Currently, there isn't a set rubric for how principals are expected to rate teachers, and the data showed practices vary widely.
- For example, at Bread & Roses Integrated Arts High School in Manhattan, none of its 31 teachers received an unsatisfactory rating in 2011-12, though the school received an F grade on the city's progress report for that year.
- But at Automotive High School in Brooklyn, which also received an F, 24% of teachers were given unsatisfactory ratings.
"Right now, because this is a binary system, and because there are a lot of reasons for principals not to rate teachers unsatisfactory, you have a picture that is not very robust or textured," Mr. Lasher said.
At the same time, overall, the data clearly showed trends, Mr. Lasher said: More teachers with unsatisfactory ratings taught at schools with high minority populations and low test scores.
The group listed a host of recommendations to address what it called a "highly regressive" system, including:
- the implementation of the new teacher-evaluation system,
- more pay for top college graduates who go into teaching and
- salary increases for the best teachers who teach at higher-needs schools.

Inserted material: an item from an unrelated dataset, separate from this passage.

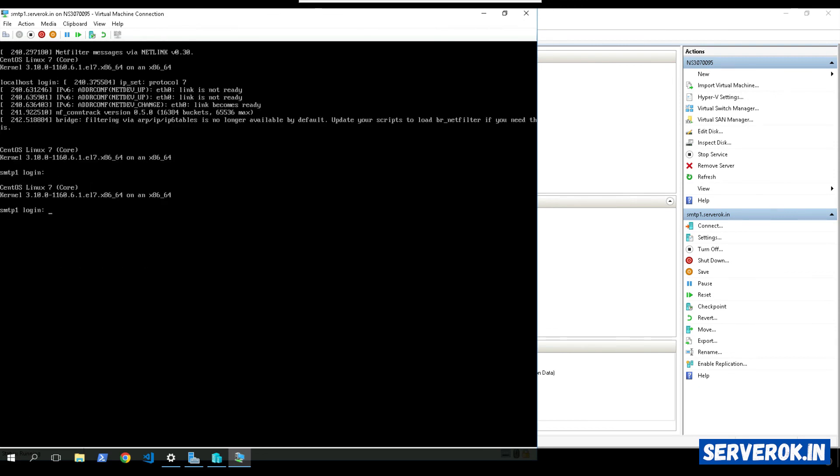Server is booted back to the normal mode. Let's login with the user root and the new password. We are able to login to the server using the new root password.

The group, which is affiliated with the national StudentsFirst organization launched by former Washington, D.C., schools chancellor Michelle Rhee, also recommended requiring parents to sign off on allowing their children to be taught by ineffective teachers.
"Having a great teacher is critical to our students' success," said Connie Pankratz, a spokeswoman for the city Department of Education. "We have pursued many of these recommendations, and will continue to work to improve the quality of education in New York City."
UFT President Michael Mulgrew said he would support paying the best teachers to mentor other teachers, but said the DOE had a "hands-off management policy" on schools in high-poverty areas.
NY-GPS, an advocacy group that fights the use of standardized testing in teacher evaluations, said paying for students' test-score performance wouldn't solve the problem.
"This report is full of empty, irresponsible political rhetoric that doesn't advance real solutions for improving teaching," spokeswoman Zakiyah Ansari said. "The inequitable distribution of quality teachers is the result of Mayor Bloomberg's refusal to provide adequate support and professional development to teachers."